**PROBLEM:**
Below is some data. Retype exactly the lines starting at the one with "Bedroom - 2112" and ending at the one with "Новый Toyota Land".

**PROVIDED RECORDS:**
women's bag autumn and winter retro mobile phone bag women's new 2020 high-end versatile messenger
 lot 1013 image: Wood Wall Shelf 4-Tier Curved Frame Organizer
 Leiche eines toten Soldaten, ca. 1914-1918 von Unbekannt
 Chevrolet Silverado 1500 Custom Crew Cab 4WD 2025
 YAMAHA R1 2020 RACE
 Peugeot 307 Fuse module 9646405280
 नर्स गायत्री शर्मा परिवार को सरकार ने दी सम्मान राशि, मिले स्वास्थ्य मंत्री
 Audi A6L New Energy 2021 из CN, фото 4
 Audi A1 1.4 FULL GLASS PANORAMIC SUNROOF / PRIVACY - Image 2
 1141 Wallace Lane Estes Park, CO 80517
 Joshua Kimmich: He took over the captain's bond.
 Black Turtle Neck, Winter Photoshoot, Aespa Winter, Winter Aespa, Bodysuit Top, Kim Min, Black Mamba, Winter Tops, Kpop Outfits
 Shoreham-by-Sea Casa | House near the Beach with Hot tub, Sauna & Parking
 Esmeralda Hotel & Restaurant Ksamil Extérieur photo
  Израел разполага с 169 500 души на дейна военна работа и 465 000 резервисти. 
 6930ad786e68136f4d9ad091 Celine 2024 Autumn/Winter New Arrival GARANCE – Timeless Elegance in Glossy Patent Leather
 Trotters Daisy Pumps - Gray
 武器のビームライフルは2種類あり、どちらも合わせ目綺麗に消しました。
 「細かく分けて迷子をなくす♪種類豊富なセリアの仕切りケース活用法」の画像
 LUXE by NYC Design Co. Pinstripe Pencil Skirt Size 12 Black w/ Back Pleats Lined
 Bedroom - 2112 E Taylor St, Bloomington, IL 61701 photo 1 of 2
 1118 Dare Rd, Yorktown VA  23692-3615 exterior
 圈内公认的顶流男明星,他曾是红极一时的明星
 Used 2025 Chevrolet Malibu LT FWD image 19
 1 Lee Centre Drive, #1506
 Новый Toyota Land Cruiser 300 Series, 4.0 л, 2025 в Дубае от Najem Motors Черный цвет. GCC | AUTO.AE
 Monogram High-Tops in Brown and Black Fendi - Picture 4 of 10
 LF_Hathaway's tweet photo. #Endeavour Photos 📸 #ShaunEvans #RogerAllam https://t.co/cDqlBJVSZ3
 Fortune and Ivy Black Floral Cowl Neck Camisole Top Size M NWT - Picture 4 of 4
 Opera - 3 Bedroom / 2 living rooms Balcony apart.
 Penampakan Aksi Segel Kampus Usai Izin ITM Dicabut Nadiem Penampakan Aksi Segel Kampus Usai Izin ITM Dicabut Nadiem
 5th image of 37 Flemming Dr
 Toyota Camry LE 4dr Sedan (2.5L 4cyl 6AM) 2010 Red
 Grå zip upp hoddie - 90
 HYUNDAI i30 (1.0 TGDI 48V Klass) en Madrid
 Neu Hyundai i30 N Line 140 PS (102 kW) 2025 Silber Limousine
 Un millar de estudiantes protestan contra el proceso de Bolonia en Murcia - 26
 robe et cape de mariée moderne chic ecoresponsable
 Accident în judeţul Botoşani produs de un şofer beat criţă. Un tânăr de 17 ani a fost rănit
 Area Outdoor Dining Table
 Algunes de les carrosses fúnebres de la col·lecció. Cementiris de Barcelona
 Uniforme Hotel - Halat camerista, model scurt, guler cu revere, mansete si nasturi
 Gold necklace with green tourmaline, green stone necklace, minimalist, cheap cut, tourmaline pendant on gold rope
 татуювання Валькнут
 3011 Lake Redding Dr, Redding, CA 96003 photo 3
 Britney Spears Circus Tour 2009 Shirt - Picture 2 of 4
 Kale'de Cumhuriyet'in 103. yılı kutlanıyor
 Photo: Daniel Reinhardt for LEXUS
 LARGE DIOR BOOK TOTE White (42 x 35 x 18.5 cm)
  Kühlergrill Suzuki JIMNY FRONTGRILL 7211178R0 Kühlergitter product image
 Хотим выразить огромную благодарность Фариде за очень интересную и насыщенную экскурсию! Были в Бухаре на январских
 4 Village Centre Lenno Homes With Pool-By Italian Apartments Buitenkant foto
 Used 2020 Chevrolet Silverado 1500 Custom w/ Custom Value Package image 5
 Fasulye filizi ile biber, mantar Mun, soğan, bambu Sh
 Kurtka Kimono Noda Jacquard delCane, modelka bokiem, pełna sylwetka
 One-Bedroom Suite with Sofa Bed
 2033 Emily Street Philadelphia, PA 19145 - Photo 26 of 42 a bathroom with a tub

**SOLUTION FOR THIS EXERCISE:**
 Bedroom - 2112 E Taylor St, Bloomington, IL 61701 photo 1 of 2
 1118 Dare Rd, Yorktown VA  23692-3615 exterior
 圈内公认的顶流男明星,他曾是红极一时的明星
 Used 2025 Chevrolet Malibu LT FWD image 19
 1 Lee Centre Drive, #1506
 Новый Toyota Land Cruiser 300 Series, 4.0 л, 2025 в Дубае от Najem Motors Черный цвет. GCC | AUTO.AE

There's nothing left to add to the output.